Ich sitze so, dass ich die weitläufig und offen angelegte Buchhandlung vor mir und die Anzeigetafel halb rechts von mir ohne Schwierigkeit beobachten kann, so werde ich gleich sehen, wann das Gate meiner Maschine nach Philadelphia öffnet. Das sollte kurz nach 12 Uhr Ortszeit geschehen, so steht es auf der Anzeigentafel und so geschieht es auch. Um 13:30 Uhr sollten wir abheben und das tun wir auch, just nachdem die Passagiere ihre Plätze eingenommen haben. Ich sitze auf einem D Platz, das heißt, ich sitze am linken Zwischengang und werde mich daher ab und zu sogar auf und ab bewegen können, wenn meine Glieder allzu steif werden sollten während des langen Sitzens. Die beiden Plätze neben mir bleiben frei, lediglich der vierte Platz dieser Mittelreihe ist belegt. Sehr gut, da kann man ja sogar die Beine seitlich hochlegen. Ich wundere mich etwas, dass die große Maschine eher spärlich besetzt ist, in allen Reihen gibt es freie Plätze, Mitte März scheint keine allzu belebte Reisezeit zu sein, denke ich, und schalte gleich den kleinen Bildschirm vor mir ein. Ich werde Filme sehen und zwar die ganz Neuen, Preisgekrönten.
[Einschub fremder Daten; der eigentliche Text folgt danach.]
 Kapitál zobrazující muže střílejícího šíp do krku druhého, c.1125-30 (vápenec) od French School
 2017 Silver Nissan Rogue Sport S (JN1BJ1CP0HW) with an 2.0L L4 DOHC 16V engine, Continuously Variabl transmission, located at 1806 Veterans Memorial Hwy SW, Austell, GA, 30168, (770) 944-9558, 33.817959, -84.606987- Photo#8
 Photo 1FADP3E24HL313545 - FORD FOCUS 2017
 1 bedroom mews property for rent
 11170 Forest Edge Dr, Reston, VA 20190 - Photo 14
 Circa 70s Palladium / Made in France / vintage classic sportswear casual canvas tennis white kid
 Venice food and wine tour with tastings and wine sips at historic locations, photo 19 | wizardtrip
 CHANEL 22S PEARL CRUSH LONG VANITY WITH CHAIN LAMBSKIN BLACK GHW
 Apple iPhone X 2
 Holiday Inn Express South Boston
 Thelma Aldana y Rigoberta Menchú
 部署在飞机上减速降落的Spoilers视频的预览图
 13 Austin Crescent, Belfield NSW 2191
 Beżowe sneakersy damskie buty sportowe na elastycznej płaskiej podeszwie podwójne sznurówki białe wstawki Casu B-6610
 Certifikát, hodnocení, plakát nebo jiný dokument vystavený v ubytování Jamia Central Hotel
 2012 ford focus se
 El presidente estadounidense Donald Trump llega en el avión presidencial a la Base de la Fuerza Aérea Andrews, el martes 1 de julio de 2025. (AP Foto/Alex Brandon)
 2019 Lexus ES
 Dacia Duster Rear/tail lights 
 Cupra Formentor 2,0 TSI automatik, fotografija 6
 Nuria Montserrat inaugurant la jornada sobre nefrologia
Ich beginne mit The Favorite und höre mit The Wife auf. Zwischendurch lese ich im neu verlegten Ascheregen von J.W. und manchmal verfalle ich in einen leichten Dämmerschlaf. Dann heißt es irgendwann, man setze zur Landung an. Gegen Abend eines endlos scheinenden Tages, während dessen unvorstellbar viel Raum hinter mir zurückgeblieben ist, lande ich in Philadelphia und werde von meiner ehemaligen Studentin, M.M., ganz herzlich begrüßt und sogar in die Arme geschlossen. Zusammen fahren wir etwa 20 Minuten bis in die Kleinstadt Swarthmore, wo sich Ms College befindet, dessen Gast ich in den nächstens Tagen sein werde. Es ist ein renommiertes College, an dem viel Wert auf die kultur- und sprachwissenschaftliche Ausbildung der Studierenden gelegt wird, und ich bin richtig stolz, dass eine unserer ehemaligen Studentinnen es geschafft hat in den USA zu promivieren und an einem so angesehenen College zu unterrichten. Man hat mich eingeladen, einen Vortrag über rumäniendeutsche Literatur zu halten und eine Lesung aus meinem Werk zu machen. Dazu wird mir die Möglichkeit geboten, mich in der Umgebung umzutun, was ich alles gerne annehme.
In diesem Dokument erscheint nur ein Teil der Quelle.